Perhaps. I'm as sympathetic as anyone to the idea of listening for hidden as well as overt meanings, and find nothing more satisfying than hearing a subtle undertone, but I also think the quest can be overdone. After all, one can read almost anything into what isn't there, and an author who relies on his audience to do all the interpreting is shirking his share of the work, as well as his prime responsibility.
It would be a good trick, if you're not sure quite what you have to say, not to quite say it and to invite your audience to elicit was it might have been. I'm not saying that this is what Carver does, but it is a suspicion that lingered in my mind after I had read him. It might perhaps be overly cynical to suggest that the emperor's clothes are non-existent. But only perhaps.
Only one of the stories in this collection strays outside the bounds of Carver's familiar territory. This is the final one, "Errand", which describes the last days of Checkhov, factually, before going on to imagine, fictionally, the role of a servant at the hotel in which he died, both in serving him his final bottle of champagne and later in fetching the undertaker.
Carver identified closely with Checkhov, and indeed there are many parallel strands in their two lives. Other influences were Hemingway - inevitably, as the original champion of minimalist prose style and vocabulary - Babel and Pritchett.

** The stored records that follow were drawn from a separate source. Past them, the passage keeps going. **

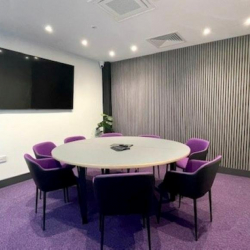 Executive suite to lease in Basildon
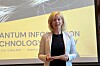 – Nå starter arbeidet med en nasjonal kvantestrategi, sier forsknings- og høyere utdanningsminister Sigrun Aasland (Ap) da hun åpnet konferansen mandag morgen.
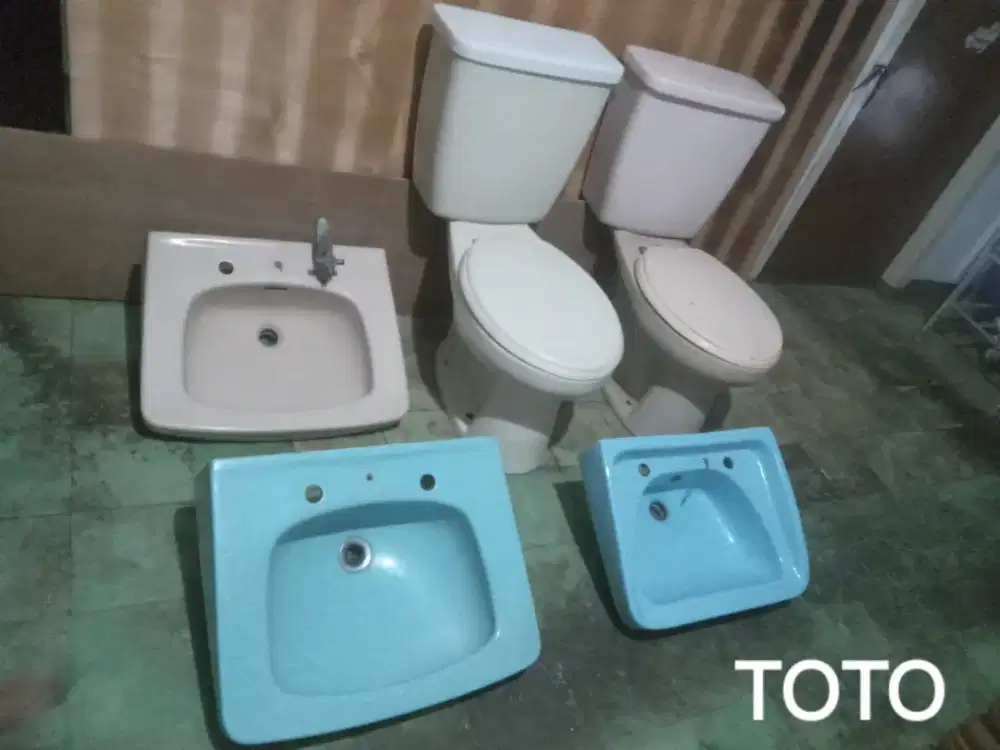 Murah Closet Duduk & Wastafel TOTO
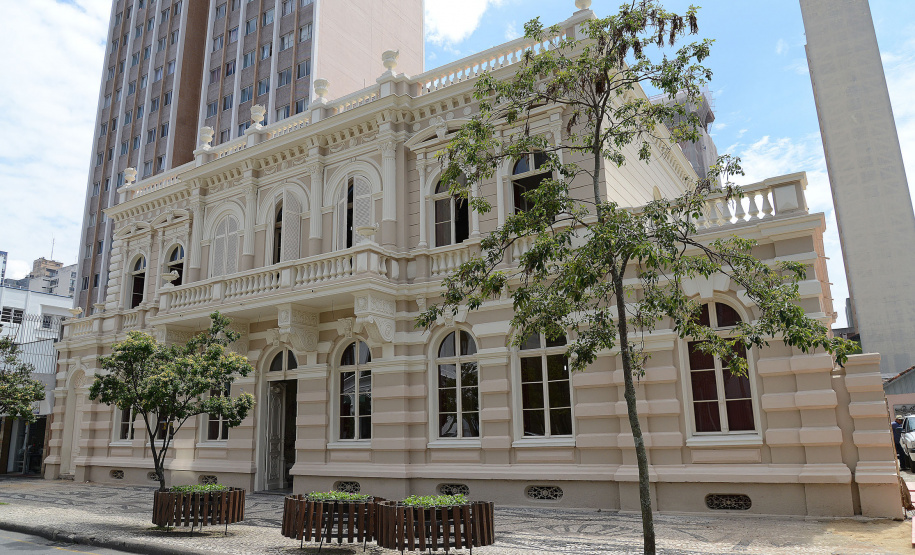 Os cinéfilos de Curitiba vão ganhar, na próxima quinta-feira (11/07), um presente e tanto. Às 19 horas, no Museu da Imagem e do Som do Paraná (MIS-PR), acontecerá a sessão inaugural do Aurora ? cineclube de cinema paranaense, cujo primeiro ciclo será dedicado ao cineasta Fernando Severo, que em 2019 completa 40 anos de carreira.  -  Foto: Kraw Penas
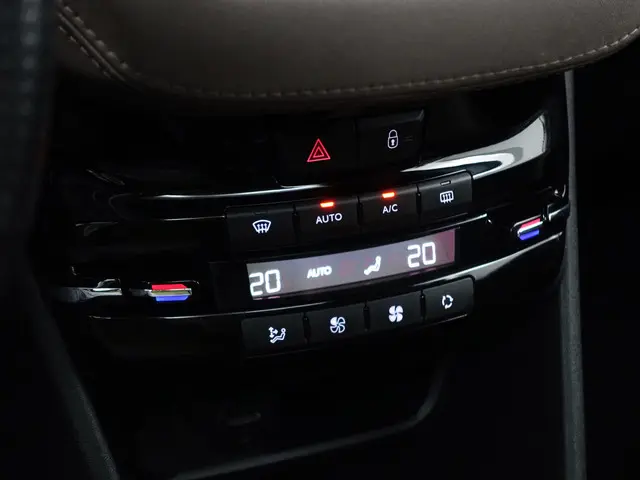 Peugeot 2008 1.2 PureTech Féline- 2016 Benzine 13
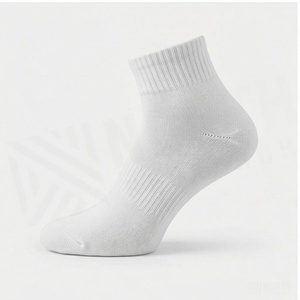 Chaussettes de cyclisme blanches personnalisées pour hommes, avec logo, pour le sport, la course, l'entraînement, respirantes, athlétiques, pour le sport en plein air, la course à pied, les vêtements décontractés 2026 - Product Image 2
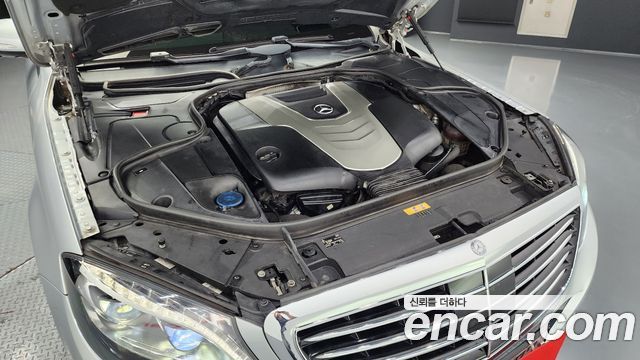 Mercedes-Benz S-Class 2016 thumb 7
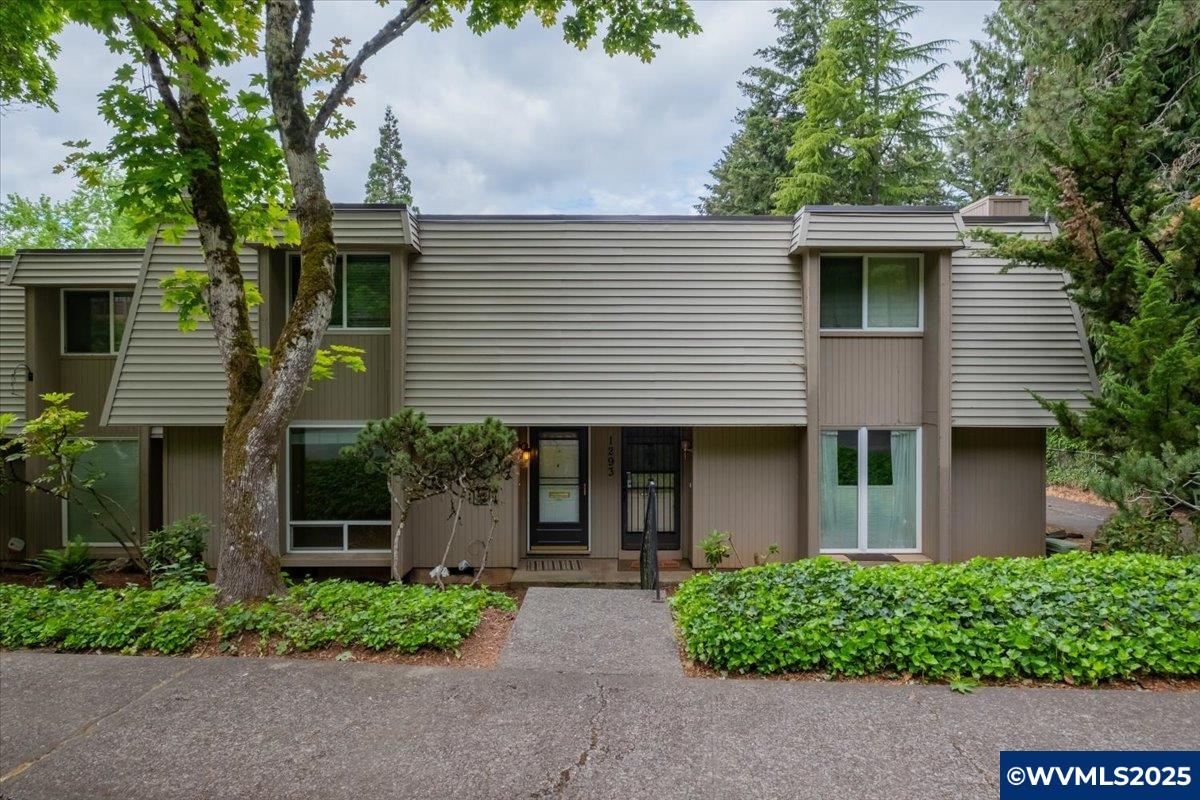 1283 Karen Wy NW — photo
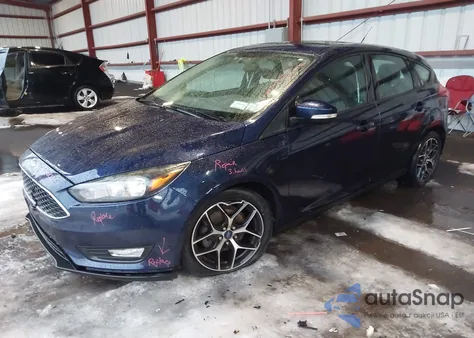 2017 Ford Focus Sel z USA, uszkodzony, nr VIN 1FADP3M2XHL201074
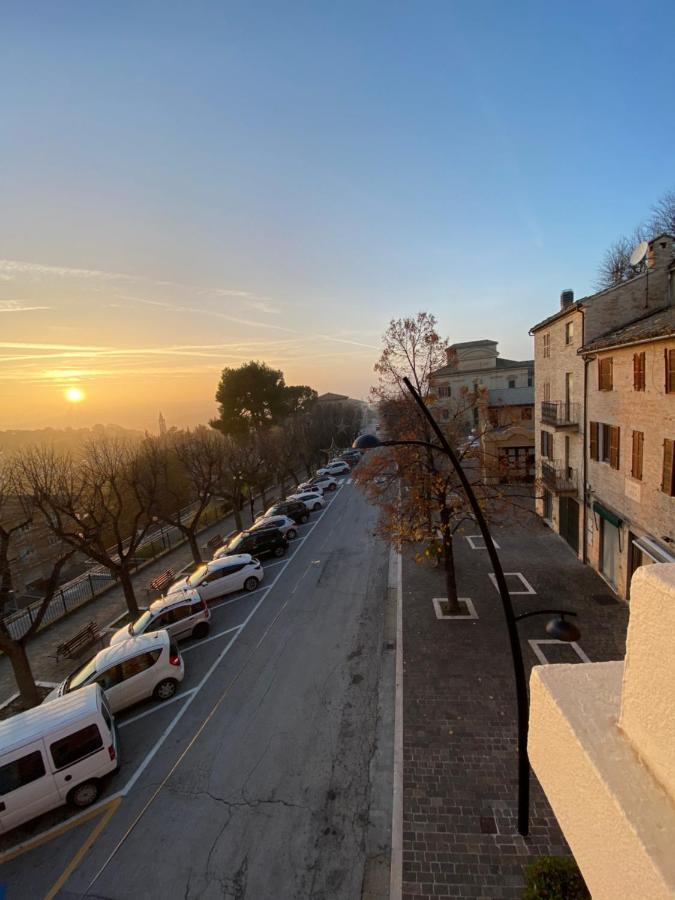 B&B Terrazza Sul Borgo Mogliano Buitenkant foto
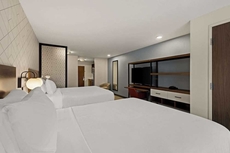 Everhome Suites Glendale Sports Entertainment District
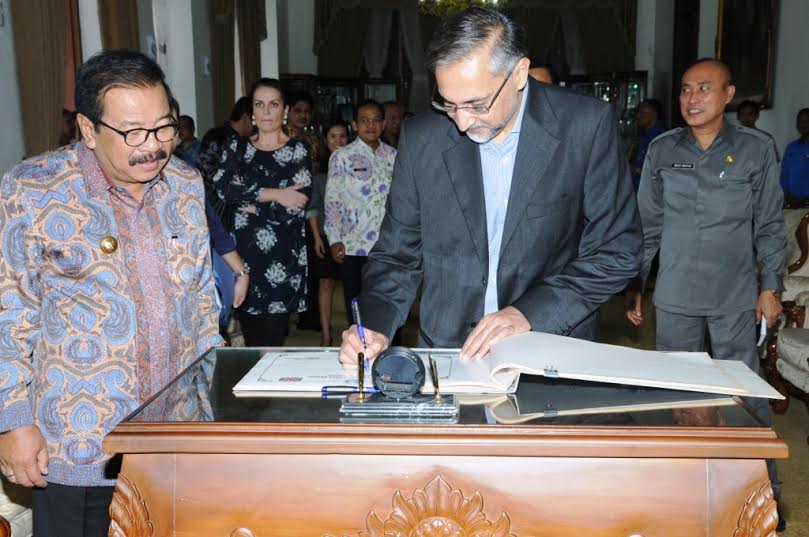 Governor Meets Ambassador, England Increase Cooperation With Java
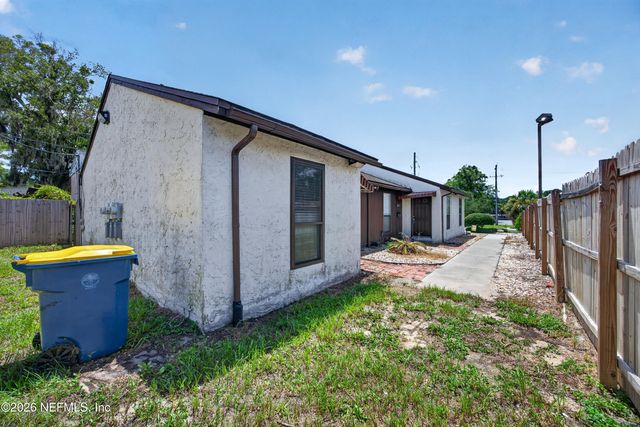 2715 TROLLIE Lane, Jacksonville, FL 32211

Personally, I can appreciate how all this puts him in a highly respectable literary tradition, and I am perfectly ready to agree that he should be viewed in that context - not just as a gifted hick from the sticks. But I don't agree that I'm under any obligation to like him in consequence. After all, I don't much like Checkhov either.
In the last resort, I prefer to fall back on a more rudimentary approach when it comes to assessing Carver. I can understand the case for regarding his work as great literature in disguise, but I cannot entirely dismiss the contrary case for regarding it as over-praised and ultimately hollow. Rather than trying to adjudicate between the two cases, I ended up simply asking myself: "Did his stories provide an enjoyable and satisfying read?" To this, my own answer was: "Yes, up to a point."
I admire the unornamented quality of Carver's writing. The stories are readable and ring true. They did, now and then, set me thinking. But I did not find them compelling. I could put them down and I didn't have to turn the next page to find out what was going to happen to the characters. They did not, in other words, pass the prime test of great story telling. Moreover, looking back, I find it difficult to remember, unprompted, the themes of more than about ten or a dozen of the thirty-seven.
I shall probably read more of Carver's work if it comes my way, but I won't go out of my way to look for it. Sorry, son.
"Where I'm Calling From" is published in the UK by The Harvill Press, a division of Random House. ISBN is 1-86046-039-9. Cover price for the paperback (430pp) was, when I last looked, £11.99, but you can of course find it more cheaply if you shop around.